Fear of international embarrassment appears to be the motivation for stopping Dr. Gao from going to Washington. Indeed, the doctor has received past recognition in China. She was given a “Ten People Who Touched China in 2003” award from the government’s television network. But she was prevented from traveling outside China to receive awards in 2001 and 2003.

Wenchi Yu Perkins, human rights program director with Vital Voices Global Partnership, said the group had protested Dr. Gao’s detention to an official at the Chinese Embassy in Washington. The embassy official praised Dr. Gao’s work on AIDS. “He also stated that Dr. Gao was in poor health and unable to travel to Washington,” Ms. Perkins said by e-mail. “We know from sources close to Dr. Gao that she has repeatedly expressed her desire to travel to the U.S. to receive Vital Voices’ award.”

Mr. Bequelin and others say they think that officials were alarmed at the potential of Dr. Gao meeting Senator Clinton. Dr. Gao said she believed that the Washington ceremony, as well as her blog, were to blame for her detention. She said Zhengzhou’s former police chief, Yao Daixian, had gone to her apartment and personally warned her not to “communicate with foreign journalists.”

She recalled his saying, “These people are liars, and you must consider the negative influence it will bring on our country.” Mr. Yao, now director of the Zhengzhou Communist Party’s organization department, also addressed the young woman cooking and doing other tasks for Dr. Gao.

“He told her to love the country, the party, the government,” the doctor said. The woman quit.

Citizens in China understand where boundaries exist in society, and most do not cross them. But Dr. Gao has always trampled across.

In her youth, she was a rare woman admitted to medical school. She survived Japanese bombing raids during the 1940s and worked delivering babies as an obstetrician in the 1950s. When the famines of the Great Leap Forward from 1958 to 1960 unleashed mass starvation, Dr. Gao sometimes gave her food ration tickets to emaciated women.
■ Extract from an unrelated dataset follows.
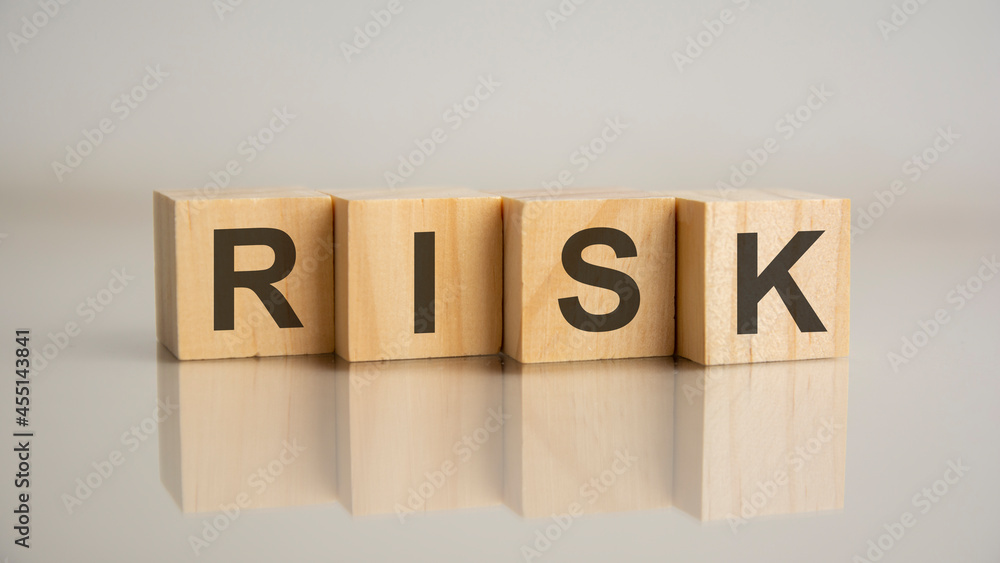 Four wooden cubes with letters risk. Business marketing concept. Four wooden cubes with letters risk. Business marketing concept.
During the violent class struggles of the Cultural Revolution from 1965 to 1975 she was labeled a “black element,” a term for members of the former ruling class or rightist intelligentsia. In a 2003 interview, she recalled surviving one night during that era by hiding among the bodies in a hospital morgue to avoid Red Guards.

Her involvement in AIDS began when she learned that H.I.V. was silently spreading through Henan in the 1990s. A government-endorsed blood-selling campaign had led to the infection of thousands of farmers. She traveled to villages to provide medical care and free informational brochures to people who had no idea why they were dying.

She also spoke out against local officials trying to cover up the crisis.

Her status came up on Thursday at the regular news briefing by the Foreign Ministry. “Please ask the local government about this,” the spokeswoman responded.

A spokesman with the propaganda office of the Zhengzhou Communist Party refused to give out a number for Mr. Yao, the former police chief. He referred the call to the city government’s press office. A spokesman there seemed startled when asked if Dr. Gao was under house arrest.

“What?” he answered. “That sounds very unlikely. We have not been informed of such a thing. But please be assured if we have any information we will inform you in time.”

A final call went to the press office of Henan Province. It had more information. “Did you read the newspaper?” a provincial spokesman said. “Our provincial officials have paid her a visit to see how she’s doing and wish her a happy New Year. I will look into it and get back to you.”

His response came quickly: a faxed copy of the Henan Daily story.

Dr. Gao said her restrictions had been loosened a bit. Her telephone was reconnected this week. Her family can visit her. She can step outside her apartment building for some air. But she can go no farther. Police officers remain posted. A group of AIDS advocates tried to visit her Wednesday but were turned away.

“Luckily I am still clear in the mind, or I could have been fooled by the government into speaking for them, telling untrue tales,” she said. “It does not matter to me at all whether I can go pick up the award.

“I think my absence at the ceremony will be more influential than me being there.”